After we got back from Hawaii, Belle and I headed to the store to restock the fridge we emptied out before we left. Along the way, we listened to episode 478 of Dan Savage’s Savage Love Cast (Magnum edition, natch). In it, the term “GGG” was mentioned. Belle had forgotten what that meant.

GGG stands for good, giving, and game. As in, good in bed (or striving to be as good as you can), giving “equal time to equal pleasure” (i.e., give as good as you take, give your partner as much pleasure as they give you), and game for anything your partner wants to do (within reason). If you’re GGG, you’re doing it right. If you’re not, you’re not.

Belle said she didn’t think she was very GGG with me. No, seriously. She said that. And apparently not in jest.

I think Belle’s the exemplar of GGG. She knew when she married me that I wasn’t like the average bear, sex-wise. But she had no idea where we’d end up. She couldn’t have since I really didn’t, either. But she’s more than rolled with it. At the start, she seemed as though she was humoring my kinks more than actually participating, but she’s evolved right along side me in her own way and has interegrated the expression of her sexuality into how I need to express mine.
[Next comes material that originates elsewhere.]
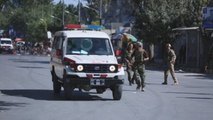 Medio centenar de muertos en dos ataques talibanes a un mitin y un edificio oficial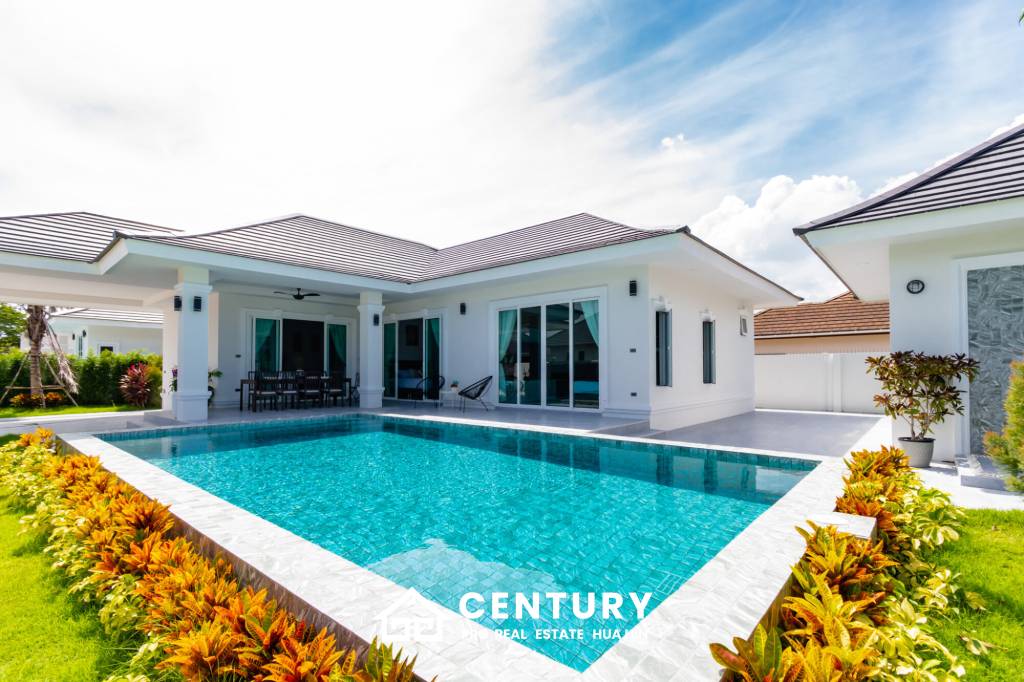 279 ตร.ม 3 เตียง 2 อาบน้ำ วิลล่า For ขาย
Rarely has she ever made me feel anything but loved and accepted.

Beyond that, she’s allowed our relationship to open up in a way that lets me seek out the kind of sex I can’t get from her, both with a man and sex that includes the kind of optional add-ons I like and she’s not really into, even if that’s with another woman. I mean, come on. GGG to the max.

But in her mind, since she’s not into some stuff and doesn’t indulge my desires (like being tied up and beaten, for example), she’s not GGG. She even said something to that effect. “There’s things you want that I won’t give you.” But that’s not GGG.

Being GGG does not mean doing any and every thing your partner desires. It means being willing to do those things they’re into, even if you’re not especially, because they’re into them. That’s the third G. Game. But it may be the case that you can’t be enough into them to do them correctly or with the proper technique. In my estimation, Belle is all the Gs rolled up in one package even if she doesn’t tie me up and slap me around, etc.

I said that to her. I also said there were maybe a couple thousand guys on the internet who would love to have a wife as non-GGG as mine. Which is to say, I’m a lucky bitch and I know it and so should she.

3 thoughts on “GGG

  1. Yep, you’re a lucky bitch but so is she. Despite your various kinks and fetishes, you are still turned on by her and are ready, willing, and able to have straight sex with her on demand, right? I think that Sub-Med has developed what Dan Savage used to call “death-grip syndrome” where he’s gotten so conditioned to getting off in a particular way, he can’t do anything else. Then when an actual real life woman came along (me) who is both hot (if I do say so myself, and I do) and GGG, and he has to realize that real life is not like a porno. I tried locking him up, which was actually his idea at first, and I though that would be the perfect way to build his sexual desire and channel it towards me now, but we haven’t found a comfortable device yet, or I have too low a threshold for his whining about chafing and irritation. And we’ve tried the various pills with little success, so the ED also limits the possibility of PIV too, not that it’s a priority for me, but it would be my fantasy every now and then. So I’ve started a blog because I really want to put this out there and work through my feelings, and get feedback from people who have been through this. If he needs to tell me he’s just not that into me, then I need to give him the courage to do that, or accept a relationship on different terms than I had been conditioned to expect. I do envy you and Belle and am glad for both your sakes that she is GGG and you obviously have no ED issues!